Perform the following steps to allow exporting keys wrapped:

  1. Select the EXPORT USING WRAP (Recommended) option.

  2. You can wrap the key using either of the following options:

    • Any key: Any accessible key with the Wrap Key permission can be used to wrap the security object.

    • Select specific keys: You can select the specific wrapping keys based on the following:

      • Select keys by Key IDs: Specify the IDs of the wrapping keys to be used to wrap when exporting a key. The selected keys will be added by their key IDs. Use this option if you want to allow only specific versions of the wrapping key in case the wrapping key is rotated in the future.

      • Select keys by Key names: Specify the names of the wrapping keys to be used to wrap when exporting a key. The selected keys will be added by their key names. Use this option if you want to wrap a key with the latest version of the wrapping key in case the wrapping key is rotated in the future.

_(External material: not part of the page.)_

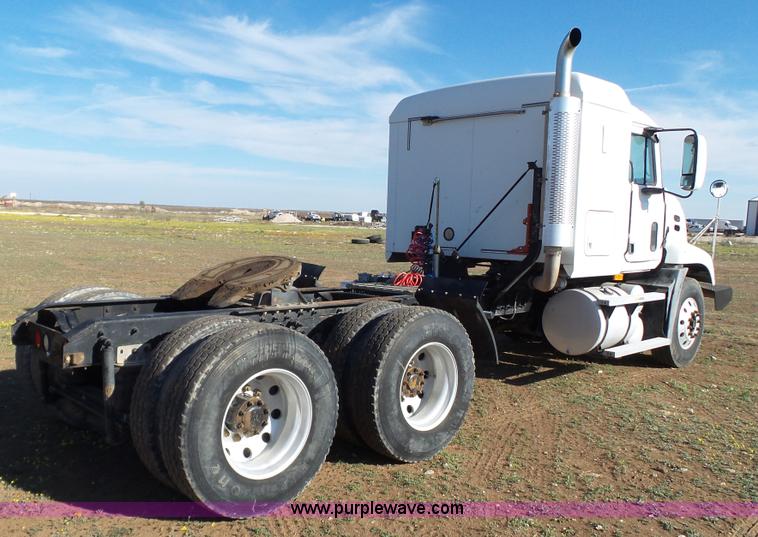 image for item L6517 2001 Mack CX613 semi truck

      Figure 6: Key names and IDs

  3. Click DEFINE to save the settings.

NOTE

If the export permissions are defined at both the group-level and security object-level, both sets of permissions are enforced when exporting the security object.

For example, if the group-level permissions require wrapped export with only key W1, and the security object-level permissions require wrapped export with only key W2, the security object may not be exported, as there is no way to satisfy both policies.

In a situation like this, a user with sufficient permissions may relax either the group or security object-level export permissions so they do not overlap and allow exporting the security object.